[Short web captions]

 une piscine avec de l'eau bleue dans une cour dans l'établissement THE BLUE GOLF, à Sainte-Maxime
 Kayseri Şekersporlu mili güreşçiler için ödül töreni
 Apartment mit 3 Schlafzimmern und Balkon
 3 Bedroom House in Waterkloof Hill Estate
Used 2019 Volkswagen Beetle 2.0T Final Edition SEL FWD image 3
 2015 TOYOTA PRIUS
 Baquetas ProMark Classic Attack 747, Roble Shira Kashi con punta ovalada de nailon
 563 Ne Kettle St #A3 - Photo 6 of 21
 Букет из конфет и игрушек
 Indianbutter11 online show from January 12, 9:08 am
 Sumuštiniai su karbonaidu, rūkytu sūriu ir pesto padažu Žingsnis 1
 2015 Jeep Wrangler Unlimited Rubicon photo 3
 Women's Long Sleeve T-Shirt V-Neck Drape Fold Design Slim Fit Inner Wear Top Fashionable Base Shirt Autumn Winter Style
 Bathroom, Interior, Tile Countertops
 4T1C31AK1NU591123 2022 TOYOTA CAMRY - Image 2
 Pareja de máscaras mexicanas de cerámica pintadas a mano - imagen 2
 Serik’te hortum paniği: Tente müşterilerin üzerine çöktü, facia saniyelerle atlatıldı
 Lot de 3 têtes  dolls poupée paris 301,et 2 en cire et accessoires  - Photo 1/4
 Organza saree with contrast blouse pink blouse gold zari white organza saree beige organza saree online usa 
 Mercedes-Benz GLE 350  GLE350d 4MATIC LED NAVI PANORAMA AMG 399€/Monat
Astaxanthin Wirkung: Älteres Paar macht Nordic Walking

» Task directions:
Restate word for word the lines running from the line that holds "Women's Long Sleeve" to the final line of the entries.

» Answer to this task:
 Women's Long Sleeve T-Shirt V-Neck Drape Fold Design Slim Fit Inner Wear Top Fashionable Base Shirt Autumn Winter Style
 Bathroom, Interior, Tile Countertops
 4T1C31AK1NU591123 2022 TOYOTA CAMRY - Image 2
 Pareja de máscaras mexicanas de cerámica pintadas a mano - imagen 2
 Serik’te hortum paniği: Tente müşterilerin üzerine çöktü, facia saniyelerle atlatıldı
 Lot de 3 têtes  dolls poupée paris 301,et 2 en cire et accessoires  - Photo 1/4
 Organza saree with contrast blouse pink blouse gold zari white organza saree beige organza saree online usa 
 Mercedes-Benz GLE 350  GLE350d 4MATIC LED NAVI PANORAMA AMG 399€/Monat
Astaxanthin Wirkung: Älteres Paar macht Nordic Walking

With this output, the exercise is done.